Gaël Brulé : Nous courons après le bonheur depuis l’après Seconde Guerre mondiale. Avant, on évaluait plutôt les vies d’un point de vue extérieur, c’est-à-dire du point de vue de sa place dans la cité, dans l’espace public, de sa religion, sa famille, etc. Les deux guerres vont rebattre les cartes et, face aux échecs des grands récits qui guidaient les sociétés jusqu’alors – raison, technologie, nation – on commence à évaluer les vies par l’intérieur.
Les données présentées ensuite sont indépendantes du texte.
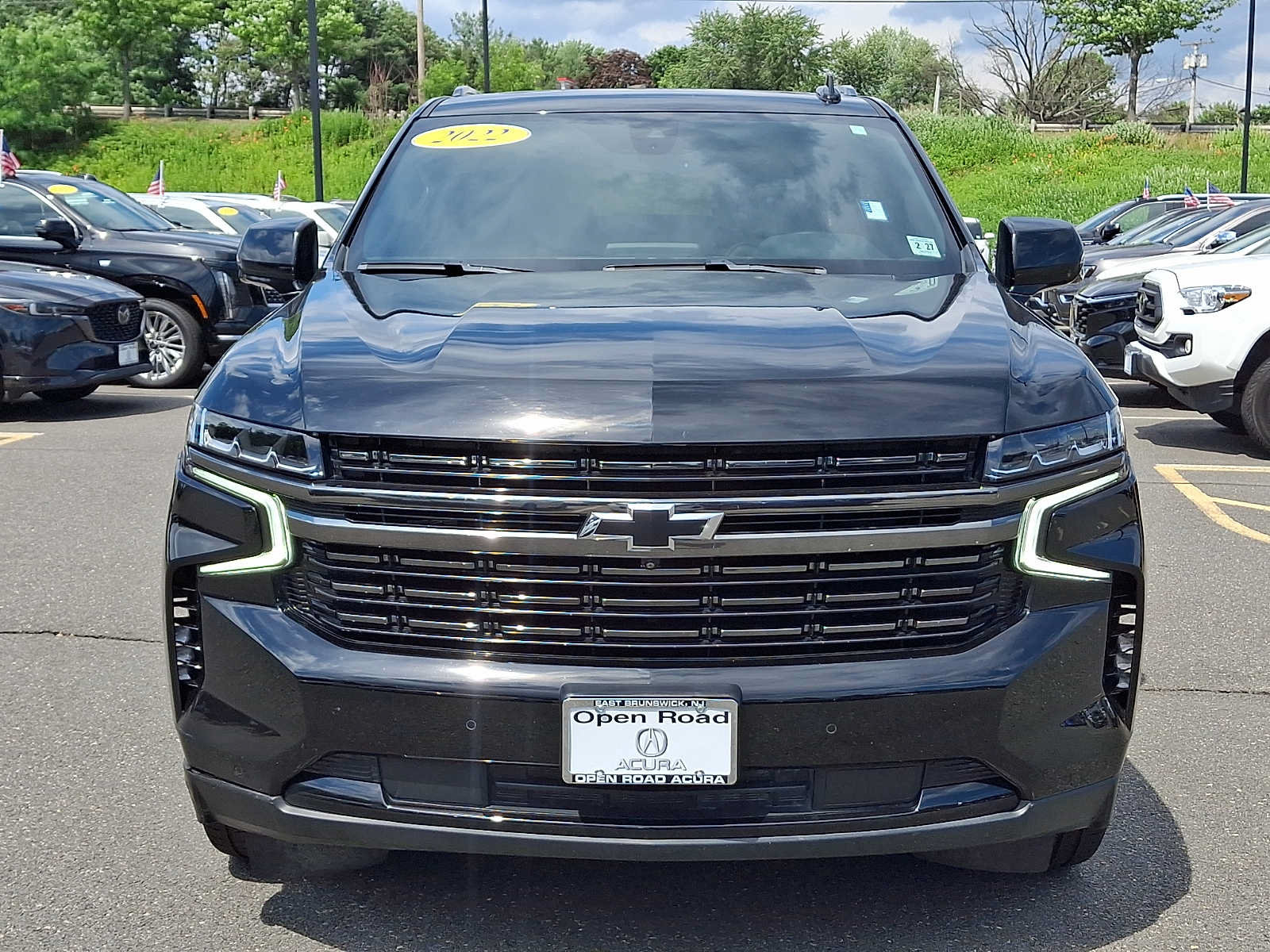 Used 2022 Chevrolet Suburban RST w/ Luxury Package AWD/4WD image 2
L’idée n’est alors plus seulement de vivre une vie bien – être un bon croyant, un bon citoyen, un bon parent – mais de vivre une bonne vie. Les individus deviennent alors experts de leur bien-être. Aux États-Unis – l’Europe suivra de près – les indicateurs de bonheur se développent dans les grandes enquêtes d’opinion comme celles menées par Hadley Cantril, professeur à l’université Princeton, dès la fin des années 1940.
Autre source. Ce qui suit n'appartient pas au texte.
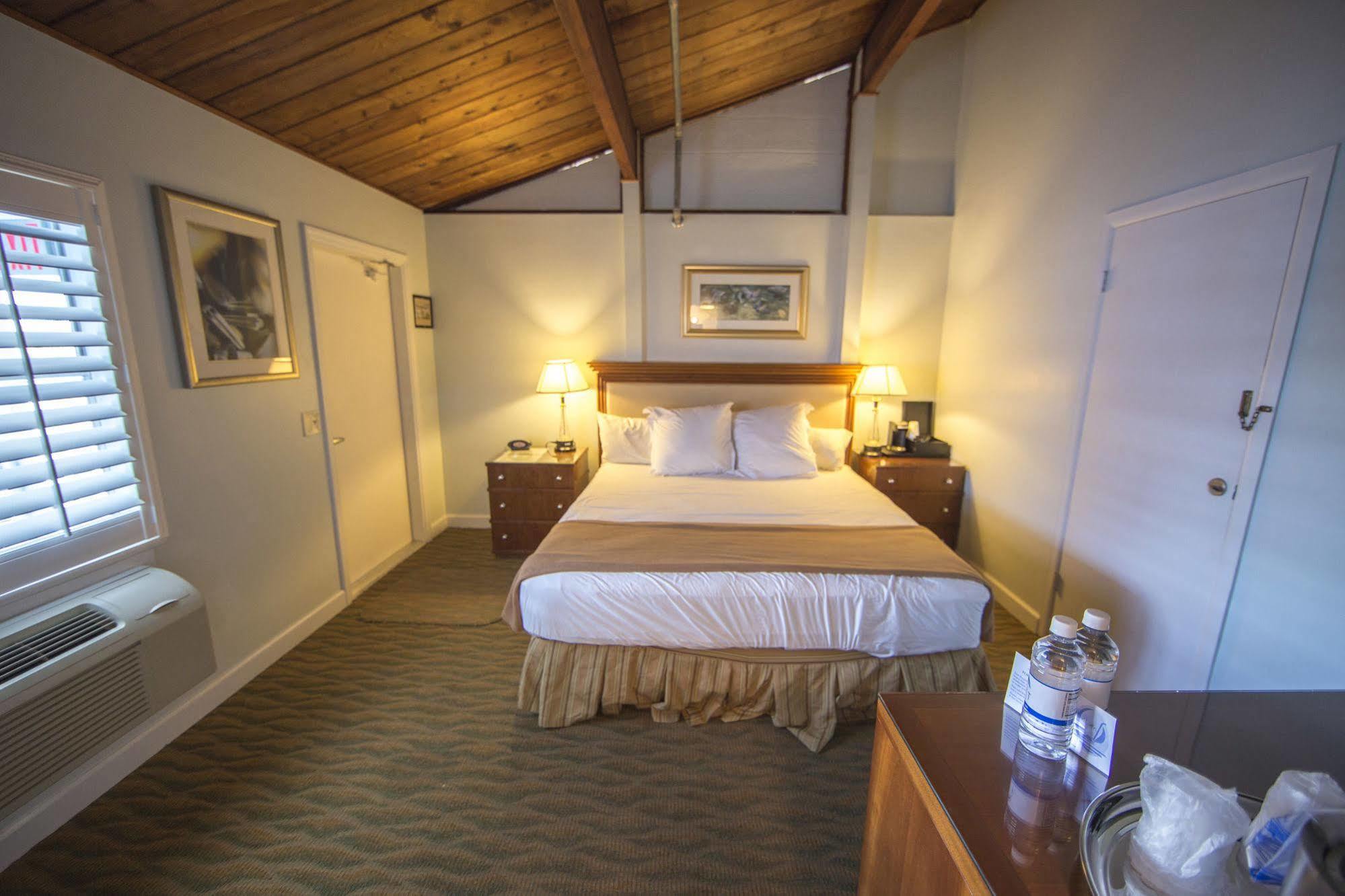 Rhumcay Beach Resort And Grille Fort Pierce Dış mekan fotoğraf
Les enquêtes, subventionnées par les pouvoirs publics, demandent aux répondants de situer leur vie entre une « meilleure vie possible pour eux » et une « pire vie possible pour eux ». Elles ont pour objectif de montrer que la vie aux États-Unis est meilleure qu’ailleurs. Depuis, ces indicateurs combinent une forme de comparatisme et une certaine charge politique.
On ne demande pas « est-ce que tu es heureux ? » mais plutôt « comment est ta vie par rapport à ce qu’elle pourrait être ? ». Par exemple, les classements permettent de montrer que la vie est meilleure aux États-Unis que dans le bloc…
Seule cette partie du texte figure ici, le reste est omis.